Notre terre est un cirque, comme celui de Rome ;
Près de chaque berceau c'est une panoplie
Invisible qui attend l'homme, et où flamboient
Comme un poignard cruel frappant qui le brandit,
Les vices, et comme des écus de pureté
Les vertus : la vie est cette vaste arène,
Et les hommes sont les esclaves gladiateurs,-
Mais le peuple et le roi, en silence regardent
Des gradins élevés, dans l'ombre solitaire.
Mais ils regardent ! Et celui qui dans le combat
A baissé son écu, ou bien l'a écarté,
Ou lâche a supplié, ou a offert son cœur
Faible et soumis à l'impitoyable dague
De l'adversaire, les farouches vestales
Assises sur le trône d'implacable pierre
Le condamnent à mort, pollice verso,
Et la dague enfoncée jusqu'à la garde vile,
Sur l'arène cloue le lâche gladiateur.

Relève, ô peuple, ton écu, car cette vie
Est grave, et toute action est une lourde faute
Que l'on porte plus tard tel un anneau d'esclave
Fermé autour du cou, ou grande récompense
Qui permet d'échapper au funeste destin !

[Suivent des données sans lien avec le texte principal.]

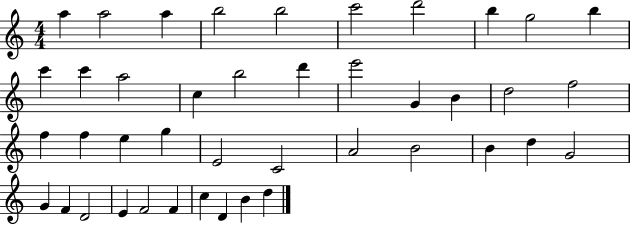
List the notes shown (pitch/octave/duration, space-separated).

A5/q A5/h A5/q B5/h B5/h C6/h D6/h B5/q G5/h B5/q C6/q C6/q A5/h C5/q B5/h D6/q E6/h G4/q B4/q D5/h F5/h F5/q F5/q E5/q G5/q E4/h C4/h A4/h B4/h B4/q D5/q G4/h G4/q F4/q D4/h E4/q F4/h F4/q C5/q D4/q B4/q D5/q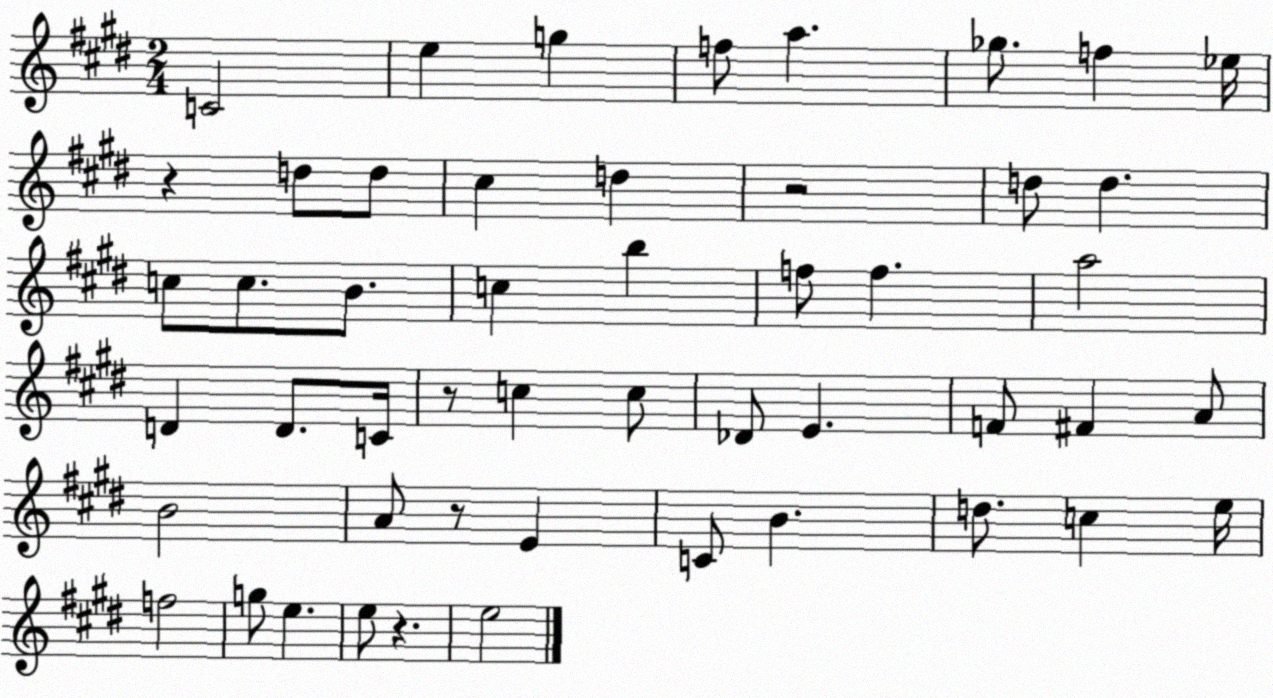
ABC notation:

X:1
T:Untitled
M:2/4
L:1/4
K:E
C2 e g f/2 a _g/2 f _e/4 z d/2 d/2 ^c d z2 d/2 d c/2 c/2 B/2 c b f/2 f a2 D D/2 C/4 z/2 c c/2 _D/2 E F/2 ^F A/2 B2 A/2 z/2 E C/2 B d/2 c e/4 f2 g/2 e e/2 z e2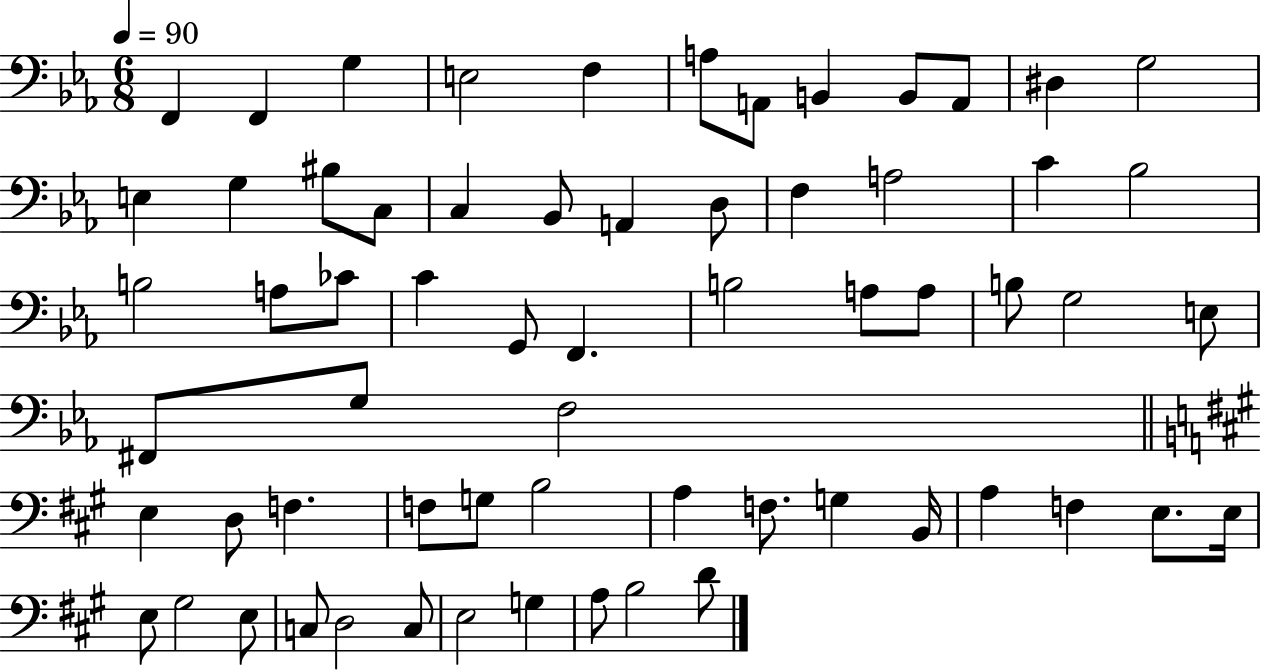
{
  \clef bass
  \numericTimeSignature
  \time 6/8
  \key ees \major
  \tempo 4 = 90
  f,4 f,4 g4 | e2 f4 | a8 a,8 b,4 b,8 a,8 | dis4 g2 | \break e4 g4 bis8 c8 | c4 bes,8 a,4 d8 | f4 a2 | c'4 bes2 | \break b2 a8 ces'8 | c'4 g,8 f,4. | b2 a8 a8 | b8 g2 e8 | \break fis,8 g8 f2 | \bar "||" \break \key a \major e4 d8 f4. | f8 g8 b2 | a4 f8. g4 b,16 | a4 f4 e8. e16 | \break e8 gis2 e8 | c8 d2 c8 | e2 g4 | a8 b2 d'8 | \break \bar "|."
}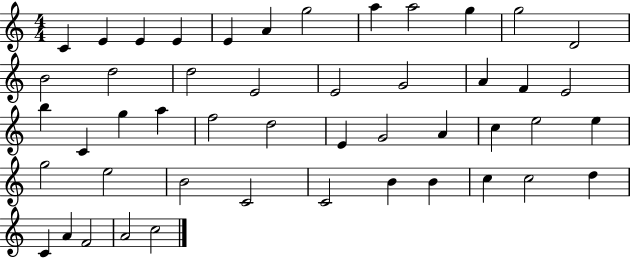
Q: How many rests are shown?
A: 0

Voyez-vous les esclave ? Comme des corps sans vie
En grappes réunis, derrière votre dos
Ils seront là vie après vie, et vous du front.

Livide et angoissée, cette sinistre charge
En vain vous halerez, jusqu'à ce que le vent
De votre châtiment barbare apitoyé,
Des atomes derniers ne fasse que poussière !
Ah quelle atroce vision ! ah quelle terrible
Procession de coupables ! Comme en une noire
Plaine je les contemple, effrayants, haletants,
Arbres privés de fruits, lianes séchées
Et pitoyables, en une funeste contrée
Où le soleil est sans clarté, l'arbre sans ombre !
Ils rament en silence, comme sur un vaste
Océan privé d'eau, tandis que sur le front
Ceinte est la corde comme le joug du bœuf,
Et à l'arrière enfin, leurs maigres corps zébrés
De cruels coups de fouet, la foule des captifs !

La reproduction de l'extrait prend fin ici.